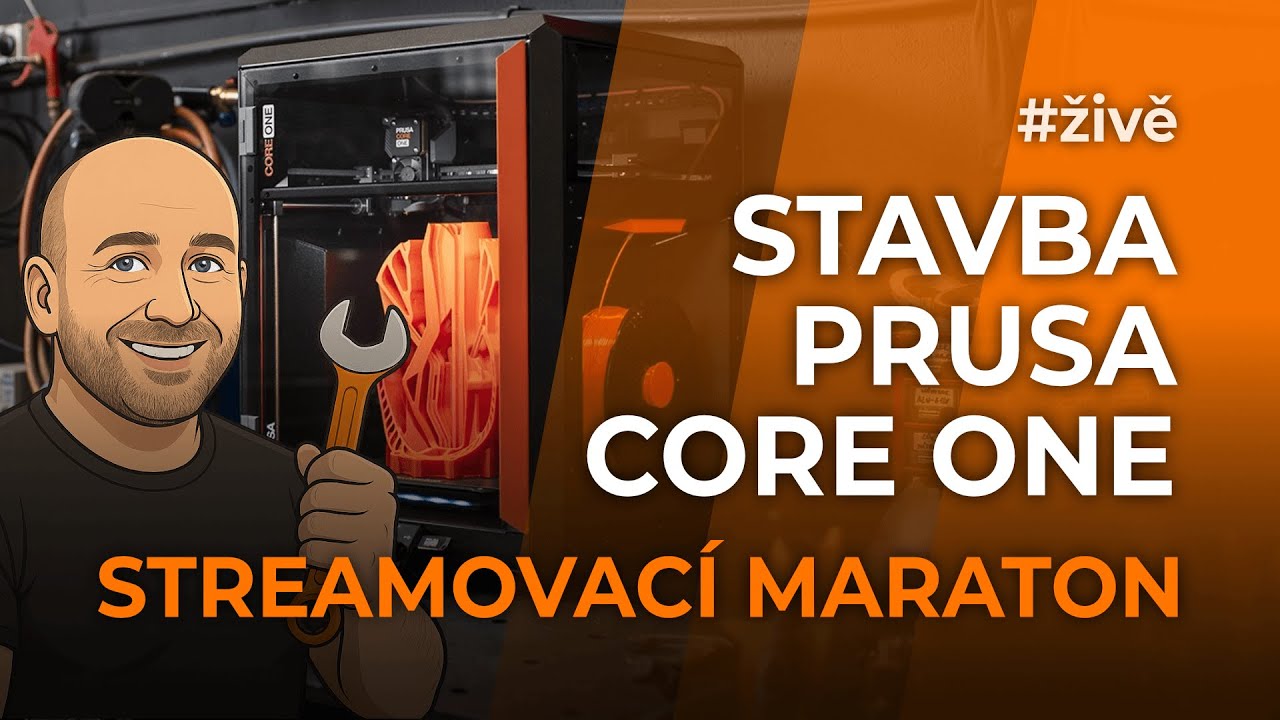 Stavba Prusa Core One – streamovací maraton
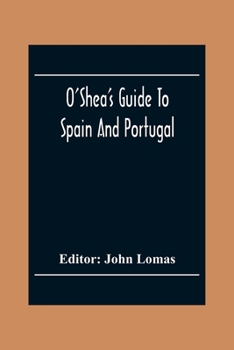 Paperback O'Shea'S Guide To Spain And Portugal Book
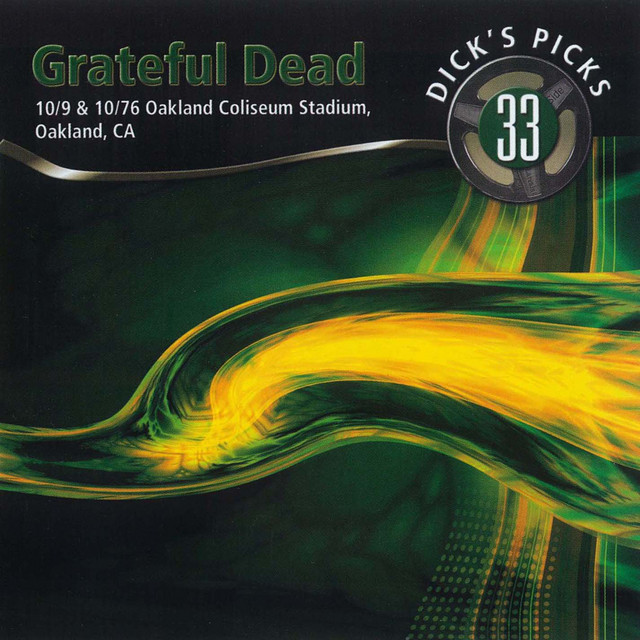 Dick's Picks Vol. 33: Oakland Coliseum Stadium, Oakland, CA 10/9/76 & 10/10/76 (Live) album cover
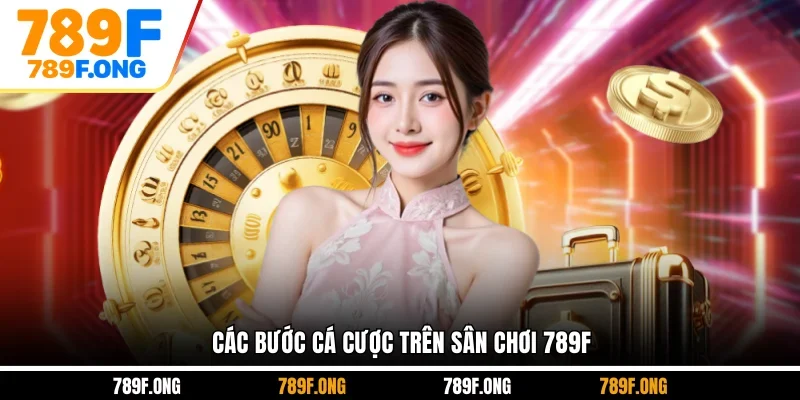 Các bước cá cược trên sân chơi 789F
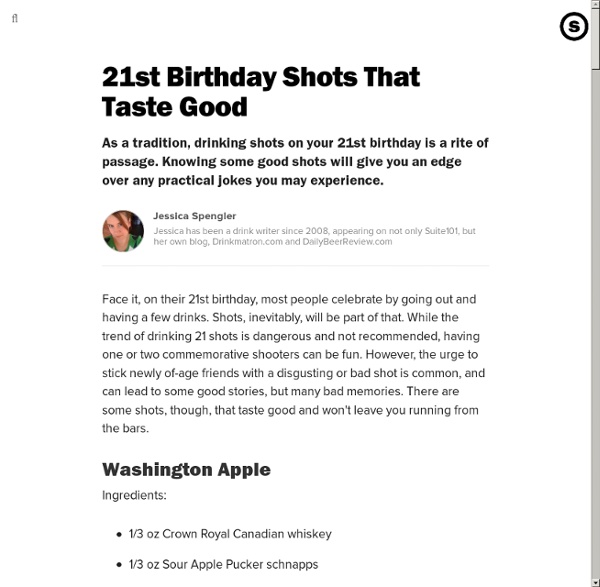 21st Birthday Shots That Taste Good: Recipes to Celebrate the Big Two-One...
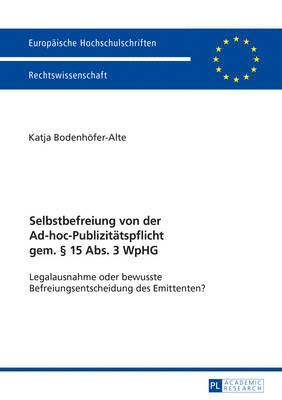 bokomslag Selbstbefreiung Von Der Ad-Hoc-Publizitaetspflicht Gem. § 15 Abs. 3 Wphg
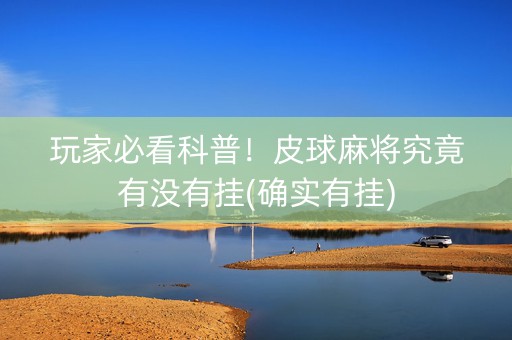 玩家必看科普！皮球麻将究竟有没有挂(确实有挂)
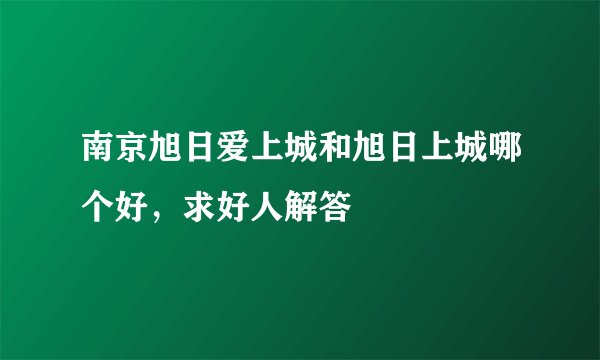 南京旭日爱上城和旭日上城哪个好，求好人解答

▬▬▬

Would you please repeat the lines above exactly, from the first line of the listing through the line holding "21st Birthday Shots", with nothing added and no pictures?

 Stavba Prusa Core One – streamovací maraton
 Paperback O'Shea'S Guide To Spain And Portugal Book
 Dick's Picks Vol. 33: Oakland Coliseum Stadium, Oakland, CA 10/9/76 & 10/10/76 (Live) album cover
 Các bước cá cược trên sân chơi 789F
 21st Birthday Shots That Taste Good: Recipes to Celebrate the Big Two-One...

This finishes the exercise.